Глава III. Как быть болваном

 

Переход от детства к отрочеству и таинственное преображение, создающее такое чудище, как школьник, можно пояснить небольшим примером. Заглавные греческие буквы — сфера тэты, препоясанная, словно Сатурн, или изогнутая чаша ипсилона сохраняют для меня очарование и тайну, как будто они начертаны на приглашении в райские края зари. Обычные, маленькие буквы, которые я лучше знаю, кажутся мне неприятными, словно комариный рой. Что до ударений, я сумел не выучить их за все школьные годы и несказанно ликовал, узнав попозже, что греки их тоже не учили, — приятно быть таким же невеждой, как Платон или Фукидид. Греческие прозаики и поэты, достойные изучения, их не знали, а изобрели их, если не ошибаюсь, гуманисты времен Возрождения. Однако сейчас нам важен простой психологический факт: заглавные буквы радуют меня до сих пор, строчные вызывают равнодушие, слегка окрашенное неприязнью, а ударения приводят в праведную ярость, доходящую до кощунства. По — видимому, дело в том, что греческие маюскулы (как и английские) я узнал дома, мне показали их шутки ради, когда я был совсем маленьким, а со всем остальным я познакомился в те годы, когда, как говорится, получал образование, другими словами — когда незнакомые люди учили меня тому, чего я знать не хотел.

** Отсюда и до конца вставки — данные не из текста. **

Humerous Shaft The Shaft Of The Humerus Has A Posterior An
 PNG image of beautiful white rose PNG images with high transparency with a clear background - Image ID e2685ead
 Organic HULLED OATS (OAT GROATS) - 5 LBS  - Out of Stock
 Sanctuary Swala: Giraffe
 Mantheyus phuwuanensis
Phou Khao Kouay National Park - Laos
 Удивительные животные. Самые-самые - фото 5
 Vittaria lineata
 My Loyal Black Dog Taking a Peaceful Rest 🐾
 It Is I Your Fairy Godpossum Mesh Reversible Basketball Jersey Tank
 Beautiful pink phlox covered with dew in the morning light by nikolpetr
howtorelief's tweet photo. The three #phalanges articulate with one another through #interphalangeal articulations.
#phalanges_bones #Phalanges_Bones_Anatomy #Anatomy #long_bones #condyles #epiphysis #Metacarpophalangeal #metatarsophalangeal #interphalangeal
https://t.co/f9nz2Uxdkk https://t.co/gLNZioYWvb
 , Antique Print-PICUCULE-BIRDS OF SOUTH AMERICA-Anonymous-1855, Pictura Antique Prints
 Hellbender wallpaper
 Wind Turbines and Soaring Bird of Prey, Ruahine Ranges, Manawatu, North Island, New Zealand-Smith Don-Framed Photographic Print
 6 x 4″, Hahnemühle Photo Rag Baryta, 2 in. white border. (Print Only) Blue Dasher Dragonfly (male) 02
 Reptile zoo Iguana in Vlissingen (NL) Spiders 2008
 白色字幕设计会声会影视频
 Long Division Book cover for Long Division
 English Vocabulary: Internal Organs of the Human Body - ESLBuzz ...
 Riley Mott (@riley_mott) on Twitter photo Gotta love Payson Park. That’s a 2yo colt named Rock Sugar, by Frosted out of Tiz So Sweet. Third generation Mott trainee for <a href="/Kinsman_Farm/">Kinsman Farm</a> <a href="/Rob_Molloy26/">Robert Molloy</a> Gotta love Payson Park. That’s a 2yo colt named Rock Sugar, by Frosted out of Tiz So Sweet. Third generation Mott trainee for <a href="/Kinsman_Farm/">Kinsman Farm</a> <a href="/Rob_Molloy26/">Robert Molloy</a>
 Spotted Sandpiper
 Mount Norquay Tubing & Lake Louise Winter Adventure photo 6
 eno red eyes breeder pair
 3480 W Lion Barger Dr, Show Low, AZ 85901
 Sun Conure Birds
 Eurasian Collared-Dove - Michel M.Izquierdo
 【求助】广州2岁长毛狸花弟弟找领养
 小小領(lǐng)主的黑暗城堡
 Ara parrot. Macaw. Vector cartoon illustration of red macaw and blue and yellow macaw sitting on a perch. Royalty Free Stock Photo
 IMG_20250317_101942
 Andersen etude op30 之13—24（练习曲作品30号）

Сказал я все это, чтобы свидетельствовать, что в шесть лет я был гораздо умней и свободней, чем в шестнадцать. Никаких педагогических теорий я на этом не основываю, упаси Господи, и не собираюсь в приятной современной манере ругать моих учителей за то, что не выучил их уроков. Может быть, теперь, в улучшенных школах, школьники избежали ударений, отказавшись от греческого. Словом, я полностью на стороне учителей, а не на своей собственной. Я очень рад, что мне не совсем удалось увернуться от латыни, и я в какой‑то мере заразился языком Аристотеля. Во всяком случае я знаю достаточно, чтобы посмеяться, когда говорят, как сказали только вчера, что этот язык неуместен в эру демократии; правда, надо признать, что самое слово перешло из греческого языка в газетный. Но сейчас я говорю о личных или психологических делах, свидетельствуя о том, что по какой‑то причине мальчик нередко переходит от поры, когда хочет знать почти все, к поре, когда не хочет знать ничего.